● **Problem**
For this exercise, write out only the lines of the entries below from the one with "Thank you so" up to and including the one with "Today at Giallo", exactly as they are. Pictures stay out.

● **Extracted data**
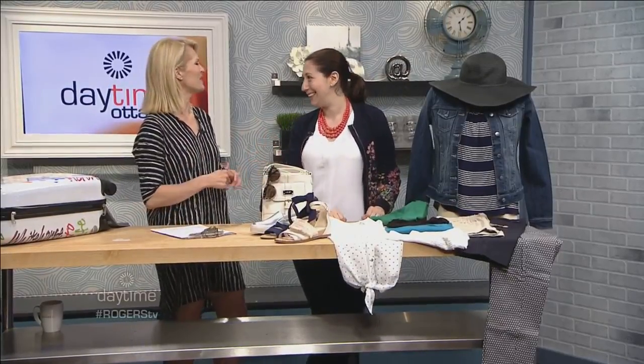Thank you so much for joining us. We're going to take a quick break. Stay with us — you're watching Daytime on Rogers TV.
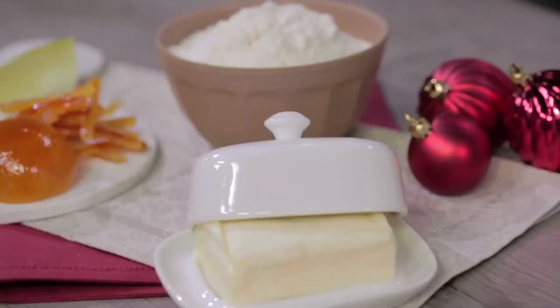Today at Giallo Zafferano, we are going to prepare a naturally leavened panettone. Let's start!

--

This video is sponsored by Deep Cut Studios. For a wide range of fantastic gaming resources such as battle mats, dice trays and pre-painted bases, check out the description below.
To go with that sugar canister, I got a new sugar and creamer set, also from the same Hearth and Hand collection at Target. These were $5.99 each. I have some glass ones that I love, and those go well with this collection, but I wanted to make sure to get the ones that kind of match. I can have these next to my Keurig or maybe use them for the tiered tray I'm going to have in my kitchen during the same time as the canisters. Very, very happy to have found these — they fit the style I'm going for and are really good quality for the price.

● **Solution to this task**
Thank you so much for joining us. We're going to take a quick break. Stay with us — you're watching Daytime on Rogers TV.
Today at Giallo Zafferano, we are going to prepare a naturally leavened panettone. Let's start!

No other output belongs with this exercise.